Processing stages to calculate the comodulation index (CI). (a) Noise is band-pass filtered into a signal (S) band, a low-frequency (LF) band, and a high-frequency (HF) band (waveforms in b, c, and d, respectively). The Hilbert envelope is extracted from each band of noise (thick lines in b, c, and d, respectively). The magnitude-squared coherence (MSC) is calculated between the Hilbert envelopes from the S and LF bands and again from the S and HF bands. (e) MSC as a function of frequency for three noise types. Each function is the average of five 100-ms segments. Each noise type has two functions because the S band is compared with both the LF and HF bands.

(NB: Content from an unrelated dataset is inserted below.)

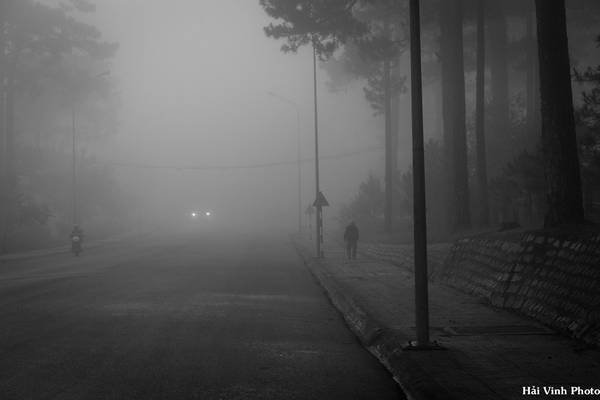 Đường Trần Hưng Đạo dẫn tới làng hoa Thái Phiên chỉ lác đác vài người dậy tập thể dục. Sương mù giăng khắp nơi. Tầm nhìn bây giờ chỉ còn vài chục mét.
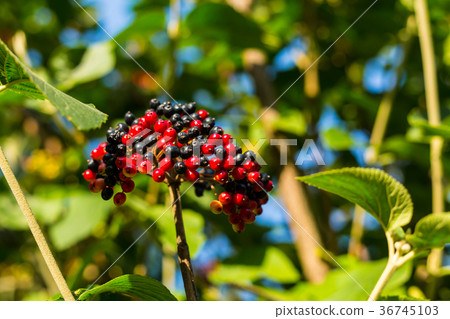 bright bunch of viburnum black red berry bright bunch of viburnum black red berry 36745103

Noise that is comodulated has a higher MSC at the lower frequencies. The CI was calculated by selecting the largest MSC for a given noise type regardless of frequency

2.3 Statistical Models

Multiple-regression models were constructed in the statistical language R Development Core Team (2012). Noise metrics (Table 13.1) were modeled as explanatory variables to evaluate their relationship to the resulting masked thresholds. Models were simplified by fitting a maximum model and then removing the nonsignificant explanatory variables (stepwise deletion).

3 Results

An exponential decay function including both PSD and CI proved to be the most parsimonious, best fit model

$$ y={b}_1PSD+{b}_2{e}^{CI/{b}_3} $$
(13.2)

where y is the predicted threshold, and b 1, b 2, and b 3 are parameter estimates. Figure 13.3 displays masked threshold values fit with the exponential decay model in which b 1 = 1.13, b 2 = 32.84, and b 3 = 0.24. Data are displayed with a surface plot representing model predictions. The data points represent masked thresholds from 3 participants, with 12 different noise types collected over 6 year. Analysis of the residual errors demonstrates that the two-parameter model produces much better fits than CR predictions while still being simple and parsimonious

Fig. 13.3
figure 3

Model fits (surface plot) and masked thresholds (data points). PSD pressure spectral density

4 Discussion

A simple two-parameter model including both the PSD and CI appears to explain the bulk of the auditory-masked threshold data within this study. The relationship between thresholds and PSD is linear, whereas the relationship between thresholds and CI appears to follow a decelerating trajectory. Mitigating the effects of auditory masking depends on our ability to describe and predict masking in a wide range of conditions. Predictions based on CRs (or other spectra–based measurements) are an important first step, but the predictions are limited to the noise type in which the CRs were estimated (i.e., G noise). Time-domain metrics related to noise must be included to improve masked-threshold predictions.